The Canadian government was ultimately forced to admit that their prior media claim about him preparing to go to Syria was totally false, dismissing it as “a mistake.” Now that Canadians know the truth about him — rather than the mere fact that he’s Muslim and committed violence — a plurality no longer believe the “terrorist” label applies, but believe the attack was motivated by mental illness. The term “terrorist” got instantly applied by know-nothings for one reason: he was Muslim and had committed violence, and that, in the post-9/11 West, is more or less the only working definition of the term (in the rare cases when it is applied to non-Muslims these days, it’s typically applied to minorities engaged in acts that have no resemblance to what people usually think of when they hear the term).
That is the crucial backdrop for yesterday’s debate over whether the term “terrorism” applies to the heinous shooting by a white nationalist of nine African-Americans praying in a predominantly black church in Charleston, South Carolina. Almost immediately, news reports indicated there was “no sign of terrorism” — by which they meant: it does not appear that the shooter is Muslim.
Yet other than the perpetrator’s non-Muslim identity, the Charleston attack from the start had the indicia of what is commonly understood to be “terrorism.” Specifically, the suspected shooter was clearly a vehement racist who told witnesses at the church that he was acting out of racial hatred and a desire to force African-Americans “to go.” His violence was the byproduct of and was intended to publicize and forward his warped political agenda, and was clearly designed to terrorize the community he hates.

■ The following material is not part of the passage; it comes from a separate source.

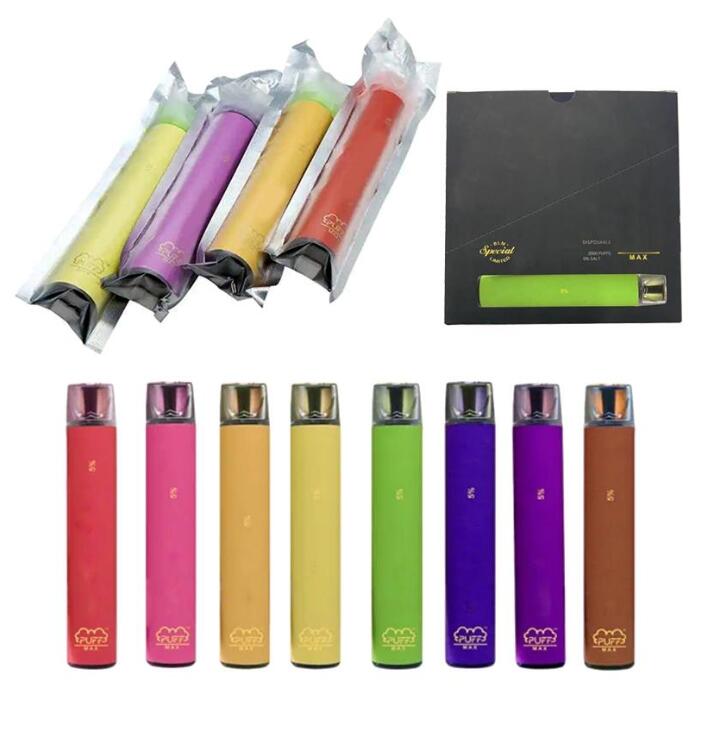 

Puff Max Disposable Vape Pen Devices 2000Puffs Prefilled Vapor Bar Direct Draw System Device Cartridge Pods Vaporizer BANG XXL Puff Plus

That’s why so many African-American and Muslim commentators and activists insisted that the term “terrorist” be applied: because it looked, felt and smelled exactly like other acts that are instantly branded “terrorism” when the perpetrator is Muslim and the victims largely white. It was very hard — and still is — to escape the conclusion that the term “terrorism,” at least as it’s predominantly used in the post-9/11 West, is about the identity of those committing the violence and the identity of the targets. It manifestly has nothing to do with some neutral, objective assessment of the acts being labelled.